Start of Extracted information

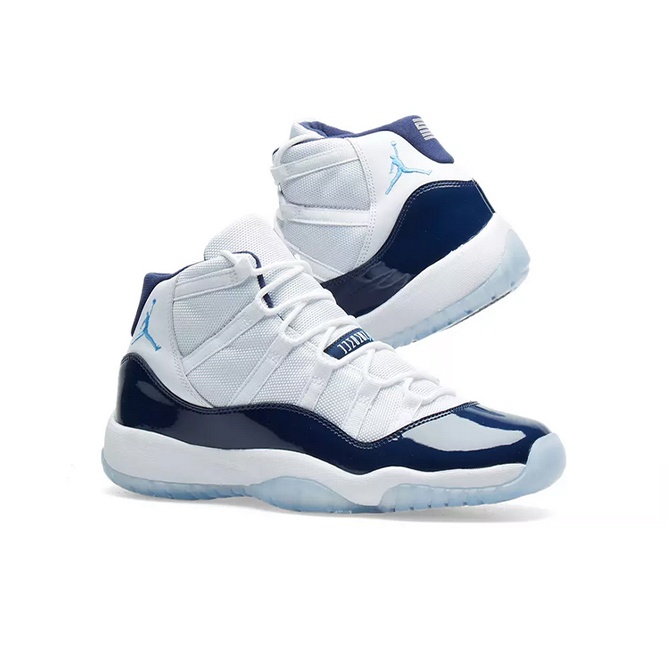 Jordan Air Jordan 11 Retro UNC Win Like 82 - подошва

End of Extracted information
Start of Extracted information

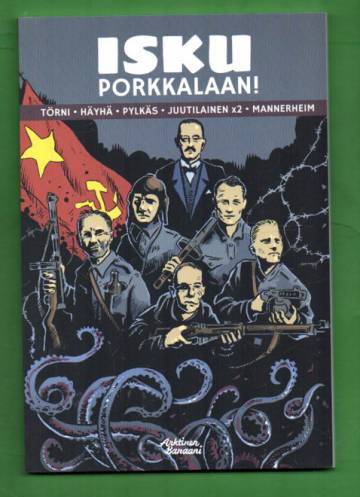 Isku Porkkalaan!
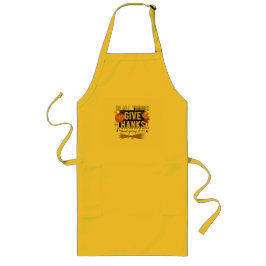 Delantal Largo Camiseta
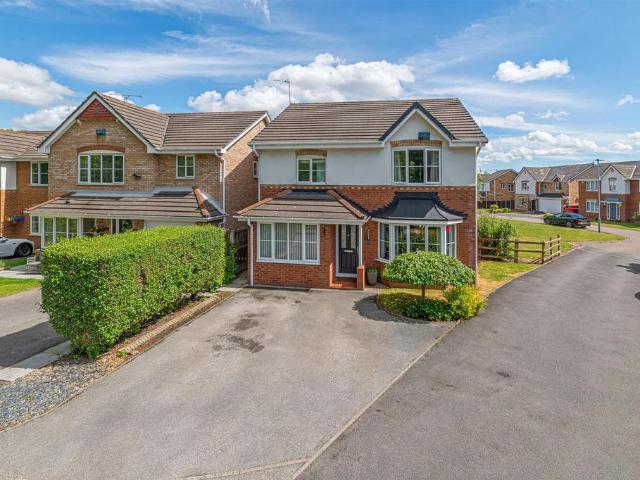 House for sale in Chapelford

End of Extracted information

Although pictures appear among the records above, write out exactly only the lines from the one that has "Isku Porkkalaan!" through the one that has "House for sale in Chapelford", and leave the pictures out.

■ Answer for this exercise ■
 Isku Porkkalaan!
 Delantal Largo Camiseta
 House for sale in Chapelford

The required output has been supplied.